Ce qui est intéressant, c’est que cet écrivain autrichien, qui vit très retirée et fuit les médias, parle avec enthousiasme d’Internet :
“I find the Internet to be the most wonderful thing there is. It connects people. Everyone can have input.” – cité sur print is dead blog (sic)
Pour des auteurs de plus en plus nombreux, Internet est un terrain d’expérimentations et d’échanges. Mais peu ont fait le même pari que certains musiciens, comme les Arctic Monkeys, téléchargés massivement avant d’avoir pressé leur premier CD : celui de publier leur travail sur le web pour se faire connaître, et, pourquoi pas, trouver ensuite un éditeur. Il est plus fréquent de publier sur Internet des travaux parallèles, des textes secondaires, et de garder par devers soi son « grand oeuvre », destiné aux honneurs du livre…
Quelque chose me dit que d’ici peu de temps, on dira moins souvent « je vais acheter tel livre » que « je vais en acheter la version papier ». Le livre imprimé ne disparaîtra pas, il deviendra une occurrence parmi d’autres d’une oeuvre dématérialisée, disponible sur différents supports.
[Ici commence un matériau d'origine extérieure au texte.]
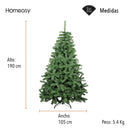 Árbol De Navidad Pino Navideño 1.90 M Grande Con Soporte Color Verde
Et peu m’importe le support, si je peux toujours y lire des propos comme ceux-là :
Elfriede Jelinek :
« Wer ist denn schon bei sich, wer ist denn schon zuhause ». Ces vers sont extraits d’un poème d’Elfriede Gerstl. Qu’est-ce qu’être soi-même ? Les écrivains qui crient constamment au « je » en se désignant eux-mêmes ne m’intéressent pas. Seuls m’intéressent ceux qui connaissent la vulnérabilité du moi. Ceux qui disent « je » mais désignent autre chose qui n’est ni leur ça ni même leur sur-moi mais tout ce qui les traverse en écrivant, et je veux me compter parmi eux. Ce sont des écrivains de l’écriture chiffrée. Des écrivains qui, lorsqu’ils écrivent, cessent d’être vraiment eux-mêmes. Lorsque j’écris, par exemple, j’entre dans un état de transe stimulante, un état entre la veille et le sommeil, mais qui n’est ni l’un ni l’autre.
(extrait d’une interview publiée dans le dossier réalisé par Arte Radio)
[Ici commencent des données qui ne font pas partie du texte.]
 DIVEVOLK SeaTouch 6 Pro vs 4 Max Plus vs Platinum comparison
Bonne initiative à terme pour faire de la communication sur un ouvrage.
Intéressant qu’ici ce soit un auteur connu qui s’y mette, mais dans le futur on peut imaginer voir émerger via ce type de moyen des nouveaux auteurs (le cas cité dans ce billet des Arctic Monkeys pour la musique, même si en rock l’exemple de The Arcade Fire ou de Clap your hands say yeah conviendrait encore mieux).
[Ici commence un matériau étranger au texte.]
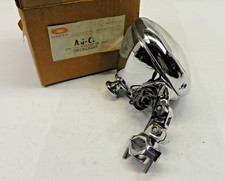 Vintage Nos Unity Model S6 Spotlight With Mount 6-12 Diameter Nice Chrome Vintage Nos Unity Model S6 Spotlight With Mount 6-12 Diameter Nice Chrome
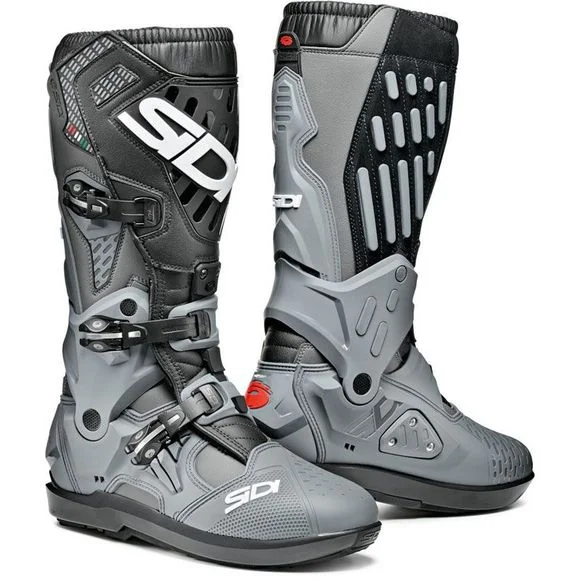 Bottes cross Sidi ATOJO SRS GRIS/NOIR 2025 – Gris / Noir Ref : SID0174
Il manque encore cruellement un élément par contre pour voir décoller ce type de littérature: un nouveau média endossant le rôle d’expert (en musique Pitchfork est devenu maître incontesté en la matière).
Les technologies vont arriver très vite, les auteurs ont déjà du contenu sous la main, c’est donc vraiment un média jouant un rôle d’éclaireur et tranchant avec les habitudes trop pédantes de la critique littéraire qu’il reste à créer.
Détrompes-toi quand aux experts, ils seront plus présents que jamais même si on changera en quelque sorte de « mandarins ».
On a tendance à surévaluer le rôle des communautés par exemple sur le cas de la musique, les médias reprennent myspace et les blogs musicaux à tout tête, mais il y a des nouveaux critiques derrière cela qui ont donné un sens à ces scènes musicales, à tous ces genres qui montent en force (toute la scène indie par exemple, le post-rock, les nouvelles tendances en folk etc…). Les critiques classiques (c’est à dire des médias classiques) repompent sans trop se poser de question ces nouveaux influenceurs.
Il y aura de nouveaux prescripteurs du livre non pas dans la forme (ça restera une critique) mais dans les valeurs attribuées au livre, traitant de l’expérience même de la lecture alors qu’elle embrasse la corne d’abondance qu’est le numérique.
Il y a un excellent article sur les fondements d’une nouvelle critique littéraire dans le Harper’s du mois d’Avril: http://www.harpers.org/archive/2007/04/0081479
L’auteur de l’article ne traite pas du tout du numérique, mais sa description d’une nouvelle forme de critique littéraire, qui à bien des égards ressemble à ce qui a pu se faire avec le passage à une critique musicale en ligne.